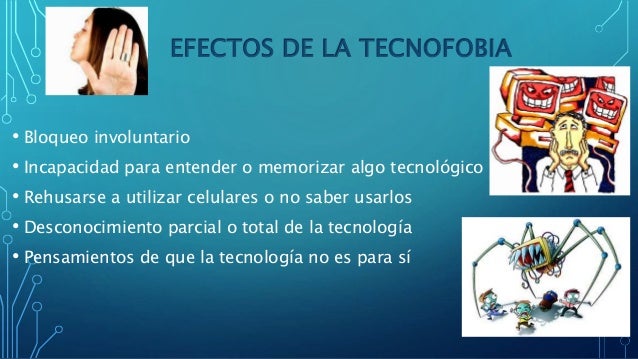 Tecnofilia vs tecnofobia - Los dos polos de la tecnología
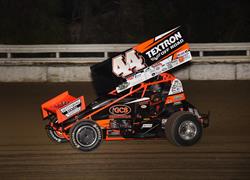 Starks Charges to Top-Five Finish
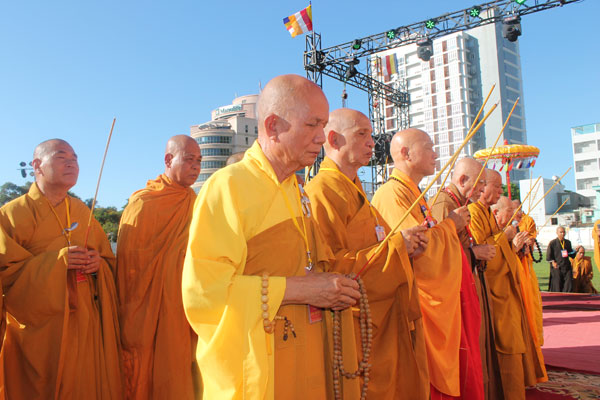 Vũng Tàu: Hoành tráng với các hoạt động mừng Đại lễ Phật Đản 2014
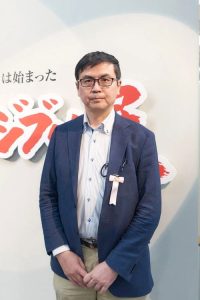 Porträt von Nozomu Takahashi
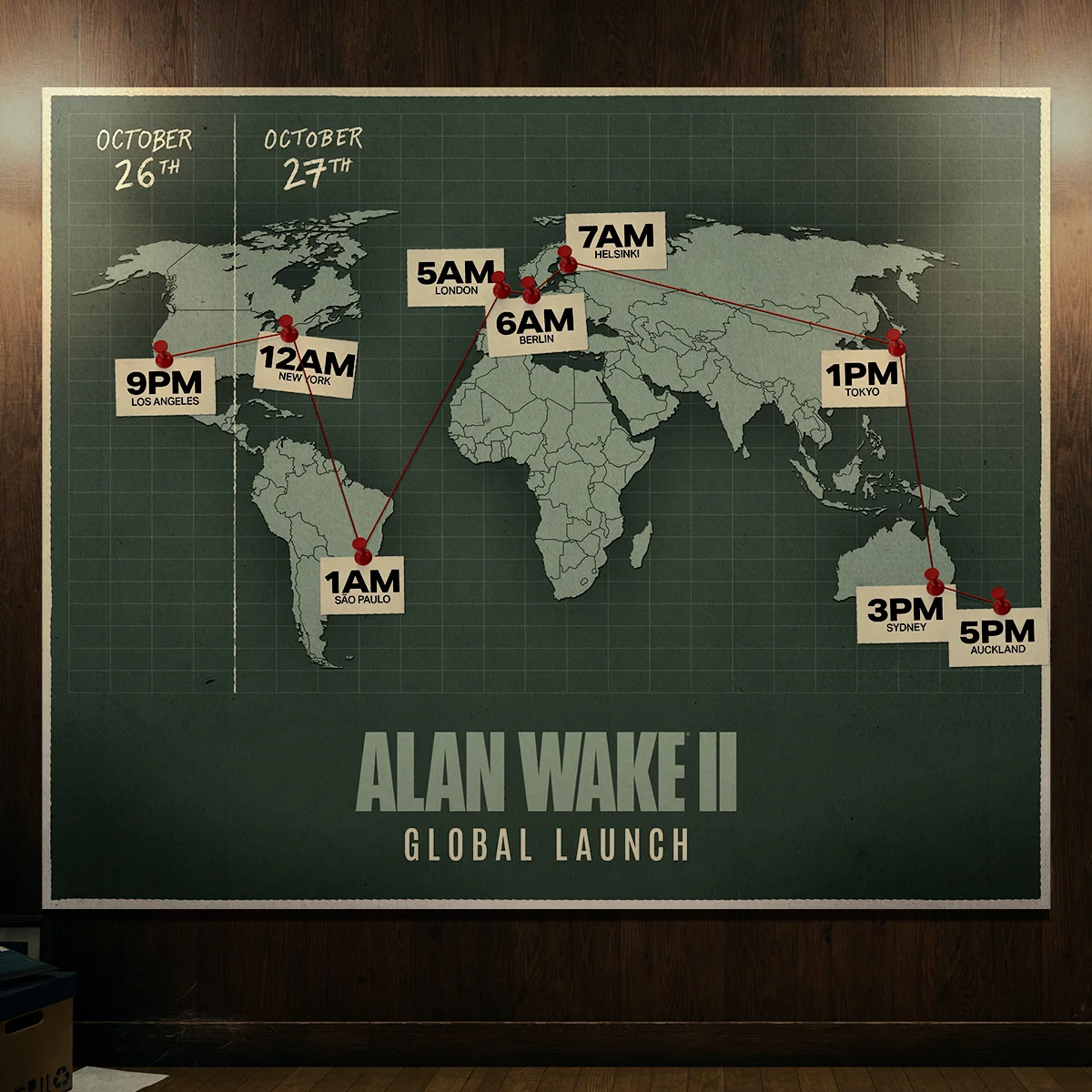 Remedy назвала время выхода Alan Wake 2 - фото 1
============
→ **Exercise brief**
Word for word, restate every line of the listing, omitting the pictures.

→ **Exercise output**
 Tecnofilia vs tecnofobia - Los dos polos de la tecnología
 Starks Charges to Top-Five Finish
 Vũng Tàu: Hoành tráng với các hoạt động mừng Đại lễ Phật Đản 2014
 Porträt von Nozomu Takahashi
 Remedy назвала время выхода Alan Wake 2 - фото 1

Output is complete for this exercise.